WashU Dining Services Continues Improvements in Sustainability and Efficiency

Since last fall, campus-wide efforts toward sustainability have taken hold at WashU. Thanks to successful partnerships with Bon Appétit, student groups, the Green Dining Alliance and the Office of Sustainability, WashU Dining Services has recently reached some notable milestones.

Ibby’s Receives Top-Tier Sustainability Certification

Last October, WashU Dining Services went through the process of certifying Ibby’s at the DUC through the Green Dining Alliance (GDA), a sustainability certification program for restaurants in the St. Louis area. Six Dining Services representatives, including WashU Dining Services Manager Paul Schimmele and Bon Appétit Regional Support Manager Chris Ipanis, participated in the in-depth, 2-hour audit. The in-person audit provided an opportunity for both reporting on current efforts as well as discussing a path for continued improvement toward sustainability needs and goals.

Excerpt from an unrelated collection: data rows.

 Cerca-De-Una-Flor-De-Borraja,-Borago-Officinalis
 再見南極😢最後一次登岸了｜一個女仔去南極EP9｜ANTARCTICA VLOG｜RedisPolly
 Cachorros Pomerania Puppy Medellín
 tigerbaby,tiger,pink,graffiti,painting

Earning a 5-star certification, the highest level of recognition within the program, Ibby’s stands as “the sustainable alternative to the fast-casual dining lifestyle that is typically associated with student life”, as GDA program manager Jenn DeRose writes in her report. Self-service or a-la-carte, Ibby’s menus always feature delicious meals using quality products sourced from local farms such as Ozark Forest mushrooms, Companion breads, Rain Crow Ranch beef and even freshly picked basil and tomatillos from the herb garden, and seasonal veggies from the on-campus farm, Burning Kumquat.

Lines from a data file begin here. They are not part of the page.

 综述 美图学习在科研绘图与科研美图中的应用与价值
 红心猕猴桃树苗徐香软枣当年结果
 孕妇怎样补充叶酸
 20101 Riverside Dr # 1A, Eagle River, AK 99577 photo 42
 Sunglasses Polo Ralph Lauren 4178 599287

Upon receiving this top-level sustainability award from the Green Dining Alliance, Dining Services accelerated their efforts to advance sustainability in Ibby’s operations. Following the recommendations outlined in the GDA report, small changes were immediately implemented to improve the resource efficiency of the venue. Weather strips were replaced around the doors to avoid energy loss, aerators were installed on faucets to save water, and new motion sensors in the basement will significantly reduce the amount of electricity used for lighting.

Campus-Wide Efforts to Reduce Single-Use

In addition to sourcing better food and increasing resource efficiency, WashU Dining is pushing forward programs and operational changes to reduce the amount of materials entering the waste stream.

Adding on to the successful Bottomless Coffee Mug, the new “Refill & Refresh” program allows students to receive a soda membership, making it more affordable to drink out of a reusable, rechargeable cup rather than a single-use one. Saving thousands of disposable cups, the program has also dramatically reduced the consumption of sugary drinks on campus!

Small changes can make a big difference. WashU Dining has proved it by saving hundreds of paper napkins (and hundreds of dollars) by simply moving the napkin holders from individual tables to a central location in the server. Just like we have learned that “all you can eat” generates more food waste than controlled portions, we now know that by making napkins and straws a little less visible and accessible, we can save a lot of materials and invite more responsible behaviors.

Straws on Request: a Pilot that Could Become the Norm

 

Responding to a demand from the student community, Dining Services is piloting a “straws on request” approach in Bear’s Den, making it the default to skip the straw. Customers who want a straw have to “just ask” the cashier to receive a straw.

Dining staff has observed a significant change in behavior since the straws are located at the cashiers. Demedrius, who has been working in WashU dining halls for 14 years, says that most students don’t request a straw, because they just don’t need a straw. In addition to reducing waste, the new set-up has also made Demedrius’ job more efficient. “It’s easier for us, as we don’t need to pick up all the straws and papers that students used to leave behind all over the place”.

WashU Dining is excited to save straws, and money, as a result of the change. “If the pilot proves to be successful, we will look at further implementation across campus”, says WashU Dining Services Manager Paul Schimmele.

While straws and napkins remain available for customers who do need them, the new arrangements encourage us to become  more aware and make more responsible decisions regarding our consumption habits.

PRO TIP: Taking your beverage on the go? Grab a lid but leave the straw behind. You can take the lid off and drink from the rim when you get to your destination!

DID YOU KNOW? Reusable straws are inexpensive and easy to acquire. The WashU bookstore is selling reusable straws, and they are available at several events as a giveaway promotion!